▸ **Description of the task**: Return each line of the listing below, unchanged, and omit the images.

▸ **Dataset section**:
-- Opening Marker --
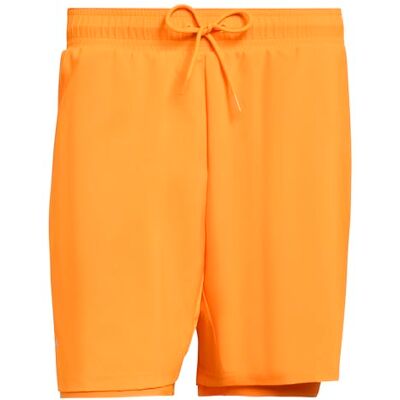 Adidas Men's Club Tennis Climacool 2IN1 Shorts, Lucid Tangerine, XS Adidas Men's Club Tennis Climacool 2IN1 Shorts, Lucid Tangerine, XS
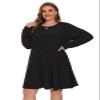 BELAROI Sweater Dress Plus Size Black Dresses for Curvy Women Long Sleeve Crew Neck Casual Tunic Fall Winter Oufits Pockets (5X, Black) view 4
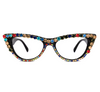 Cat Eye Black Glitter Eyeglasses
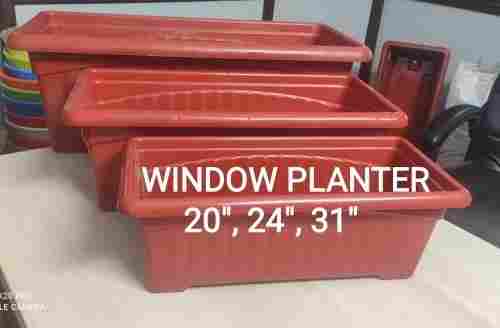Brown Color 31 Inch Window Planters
-- Closing Marker --
▸ **Answer section**:
 Adidas Men's Club Tennis Climacool 2IN1 Shorts, Lucid Tangerine, XS Adidas Men's Club Tennis Climacool 2IN1 Shorts, Lucid Tangerine, XS
 BELAROI Sweater Dress Plus Size Black Dresses for Curvy Women Long Sleeve Crew Neck Casual Tunic Fall Winter Oufits Pockets (5X, Black) view 4
 Cat Eye Black Glitter Eyeglasses
Brown Color 31 Inch Window Planters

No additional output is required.